Image-text web data
• • • • • • •

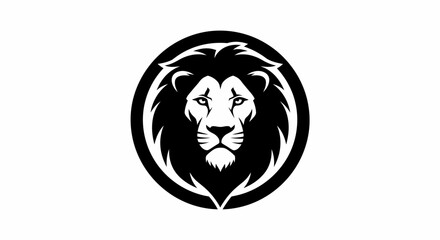 Bold Black and White Lion Head Logo Emblem Symbolizing Strength and Royalty © Nabila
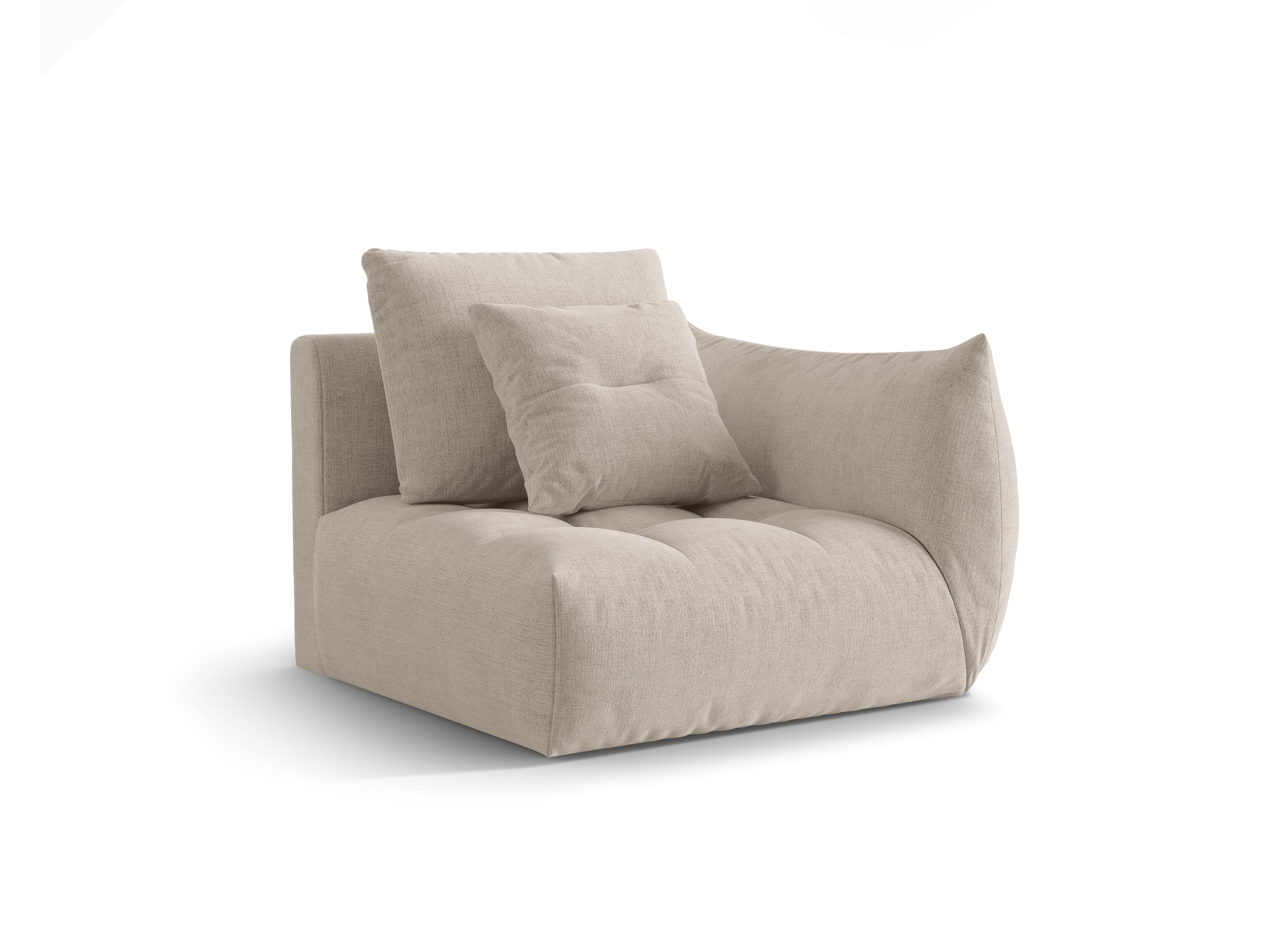 Sofa modułowa BLOOM - element prawostronny ciemnobeżowy szenil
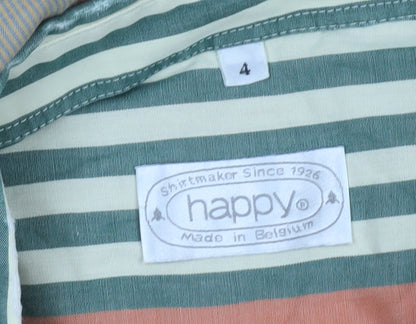 Happy Men’s Multicoloured Striped Cotton Button-Up Shirt Size L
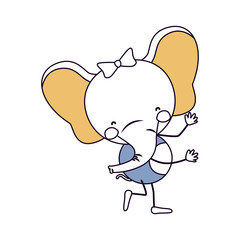 silhouette color sections caricature of cute expression female elephant in dance pose with bow lace vector illustration
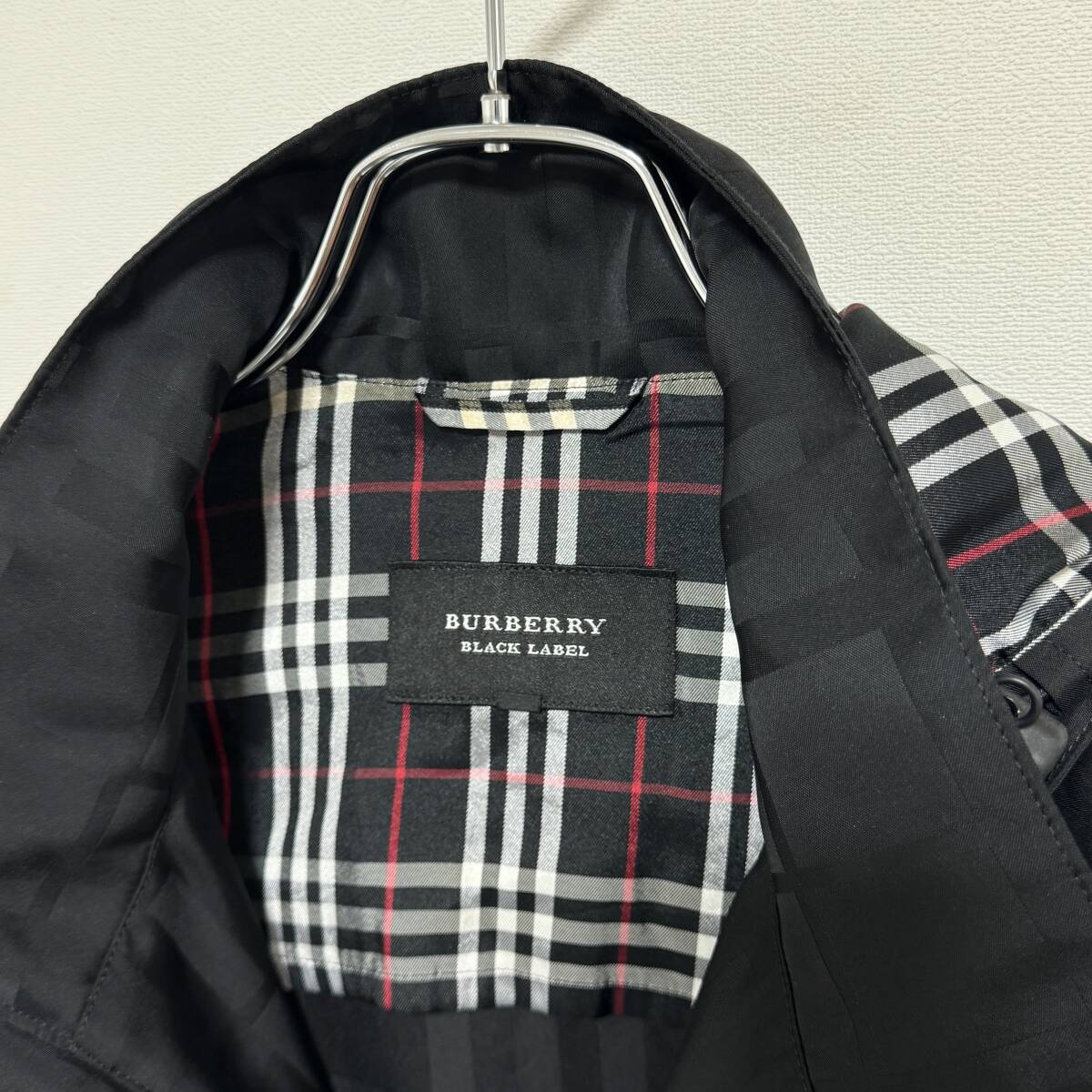 良品 BURBERRY BLACK LABEL バーバリー ブラックレーベル シャドーチェック ポリエステル ジャケット L 黒 メンズ 三陽商会 24-0409の画像6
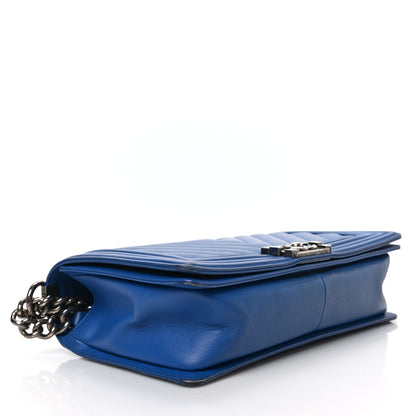 Chanel Lambskin Chevron Quilted New Medium Boy Flap Blue 4 of 8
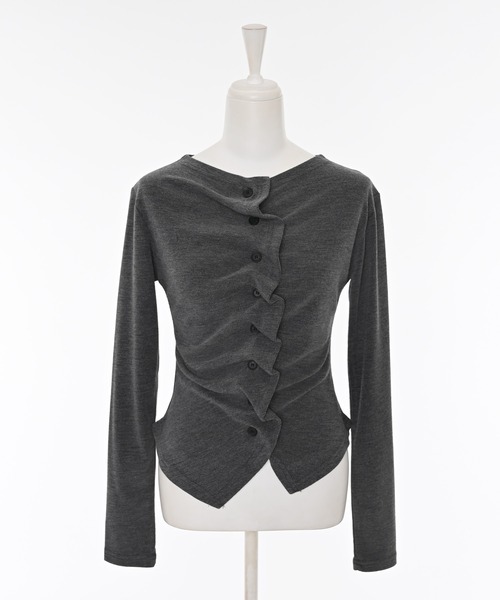 Narcissus（ナルシス）の「フリルカーディガン（カーディガン/ボレロ・レディース・ブラック/グレー・FREE）」の8枚目の写真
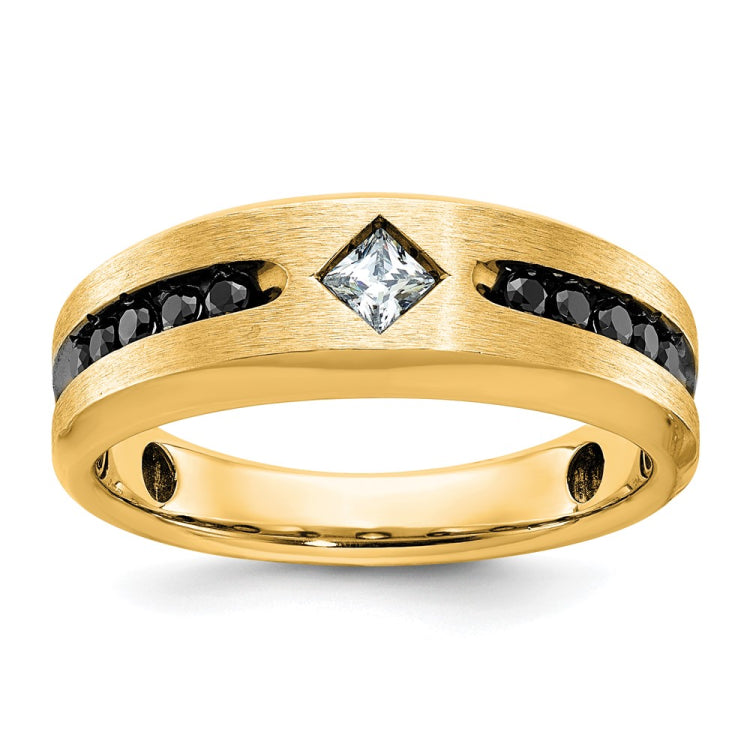 Men's WG Ring with Satin Finish and Black Rhodium Accent Mounting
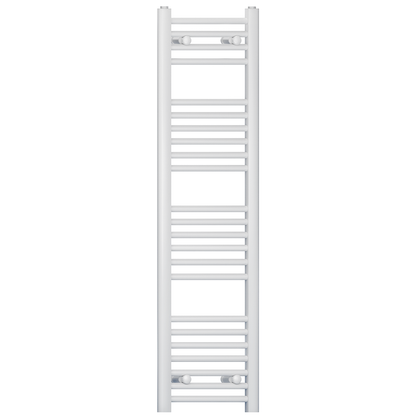  300mm Wide - 1200mm High Flat White Heated Towel Rail Radiator 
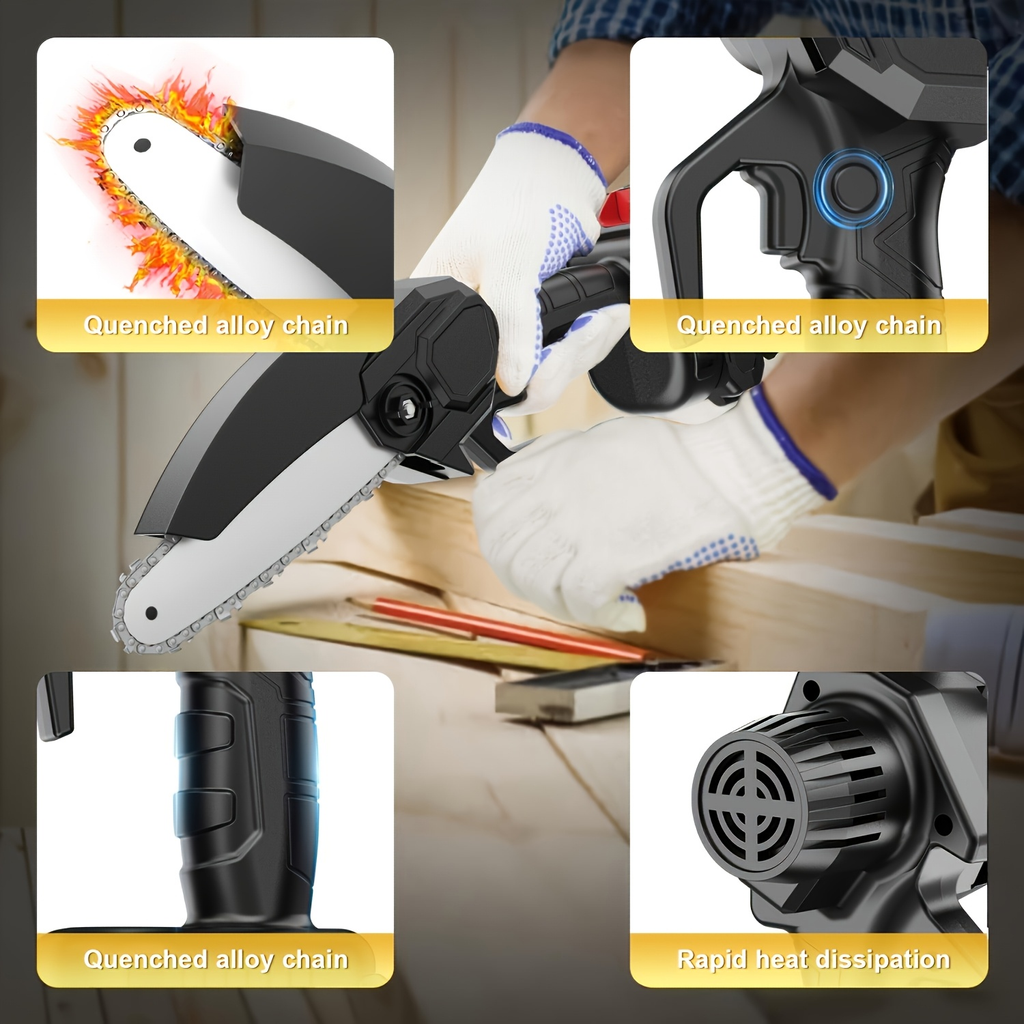 Electric Mini Chainsaw 6-Inch with Debris Guard & Toolbox - Cordless Handheld Pruning Saw with Safety Lock — image 9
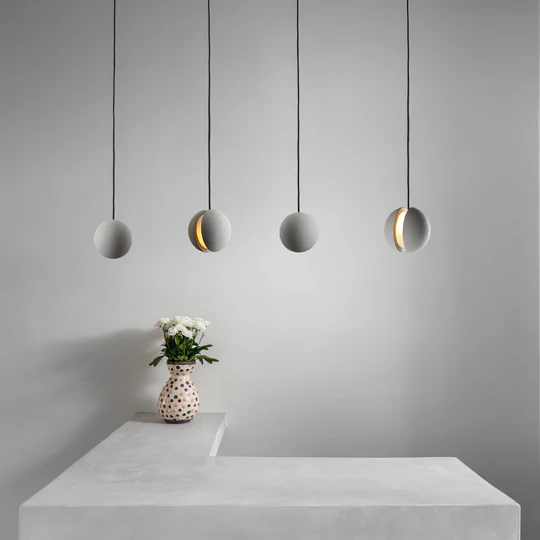 Hailie Minimalism Round Concrete Acrylic Pendant Light Living Room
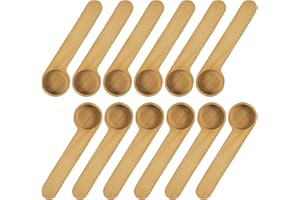 KVMORZE Wooden Coffee Scoop and Bag Clip, Tablespoon Wood Measuring Scoop with Bags Sealer, 2-In-1 Bags Sealer Measuring Spoon for Beans, Espresso Coffee, Tea (12)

• • • • • • •

DESCRIPTION OF THE TASK >> Each line from the line containing "Sofa modułowa BLOOM" through the final line of the data above must be retyped exactly; nothing else, and no pictures, may appear.

SOLUTION TO THIS TASK >>
 Sofa modułowa BLOOM - element prawostronny ciemnobeżowy szenil
 Happy Men’s Multicoloured Striped Cotton Button-Up Shirt Size L
 silhouette color sections caricature of cute expression female elephant in dance pose with bow lace vector illustration
 良品 BURBERRY BLACK LABEL バーバリー ブラックレーベル シャドーチェック ポリエステル ジャケット L 黒 メンズ 三陽商会 24-0409の画像6
 Chanel Lambskin Chevron Quilted New Medium Boy Flap Blue 4 of 8
 Narcissus（ナルシス）の「フリルカーディガン（カーディガン/ボレロ・レディース・ブラック/グレー・FREE）」の8枚目の写真
 Men's WG Ring with Satin Finish and Black Rhodium Accent Mounting
  300mm Wide - 1200mm High Flat White Heated Towel Rail Radiator 
 Electric Mini Chainsaw 6-Inch with Debris Guard & Toolbox - Cordless Handheld Pruning Saw with Safety Lock — image 9
 Hailie Minimalism Round Concrete Acrylic Pendant Light Living Room
 KVMORZE Wooden Coffee Scoop and Bag Clip, Tablespoon Wood Measuring Scoop with Bags Sealer, 2-In-1 Bags Sealer Measuring Spoon for Beans, Espresso Coffee, Tea (12)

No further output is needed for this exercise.